Dnnweaver2

12 minute read

Published: April 27, 2025

Simulator framework for dnn accelerators

Reference

ANT(MICRO’2022)

Bit Fusion(ISCA’2018)

Bit Fusion

EDDO architecture
2D systolic array architecture
ISA enhance hardware flexibility
code optimization by loop ordering and loop tiling, which is supported in dnnweaver

Dnnweaver2

Usage

top wrapper

initialize Simulator object and list for results storage and processing

run_ant.py

bf_e_sim = Simulator(config_file, False)
bf_e_sim_sweep_csv = os.path.join(results_dir, 'ant_os.csv')
bf_e_sim_sweep_df = pandas.DataFrame(columns=sim_sweep_columns)
# check_pandas_or_run then call lookup_pandas_dataframe to sweep across benchmarks and collect data
bf_e_results = check_pandas_or_run(bf_e_sim, bf_e_sim_sweep_df, bf_e_sim_sweep_csv, batch_size=batch_size, bench_type='ant')
bf_e_cycles_ant = []
bf_e_energy_ant = []

benchmark configuration(workloads)

sweep.py

class SimulatorSweep(object):
    def sweep():
        # get_bench_nn_ant call create_net
        nn = benchmarks.get_bench_nn_ant(b, batch_size)
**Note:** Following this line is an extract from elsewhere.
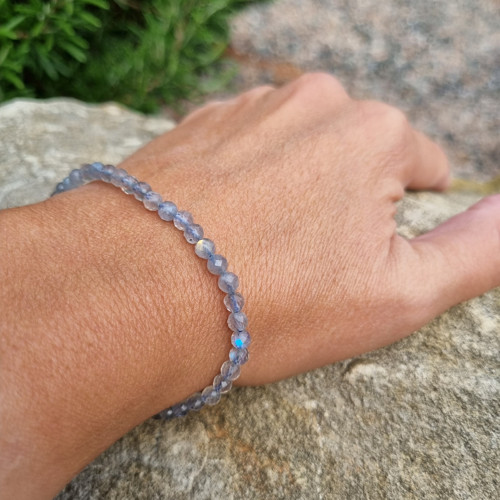 Náramek LABRADORIT fazetovaný 4mm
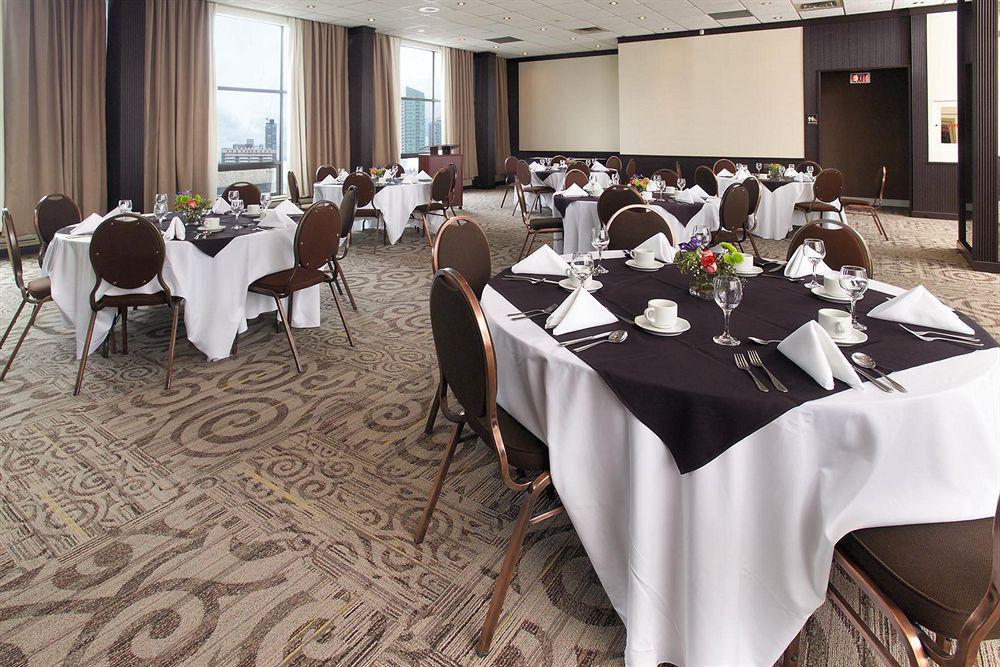 Best Western Primrose Hotel Downtown Toronto Restaurant foto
        if len(results) == 0:
            self.logger.info('Simulating Benchmark: {}'.format(b))
            self.logger.info('N x M = {} x {}'.format(n, m))
            self.logger.info('Max Precision (bits): {}'.format(pmax))
            self.logger.info('Min Precision (bits): {}'.format(pmin))
            self.logger.info('Batch size: {}'.format(batch_size))
            self.logger.info('Bandwidth (bits/cycle): {}'.format(bw))
            # get_bench_numbers call sim_obj.get_cycles()
            stats = benchmarks.get_bench_numbers(nn, sim_obj, batch_size, weight_stationary = weight_stationary)
            for layer in stats:
                cycles = stats[layer].total_cycles
                reads = stats[layer].reads
                writes = stats[layer].writes
                stalls = stats[layer].mem_stall_cycles
                data_line.append((n,m,pmax,pmin,b,layer,
                    cycles,stalls,
                    reads['wgt'],writes['wgt'],
                    reads['out'],writes['out'],
                    reads['act'],writes['act'],
                    reads['dram'],writes['dram'],
                    sim_obj.accelerator.mem_if_width,
                    wbuf, obuf, ibuf, batch_size))

consturct graph op object

benchmarks.py

def create_net(net_name, net_list, batch_size):
    g = Graph(net_name, dataset='imagenet', log_level=logging.INFO)
    with g.as_default():
        for idx, op in enumerate(net_list):
            input_size, kernel_size, output_size, kernel_stride, padding, precision, op_type =  op
            input_size[0] = input_size[0] * batch_size
            output_size[0] = output_size[0] * batch_size
            precision = get_precision(precision)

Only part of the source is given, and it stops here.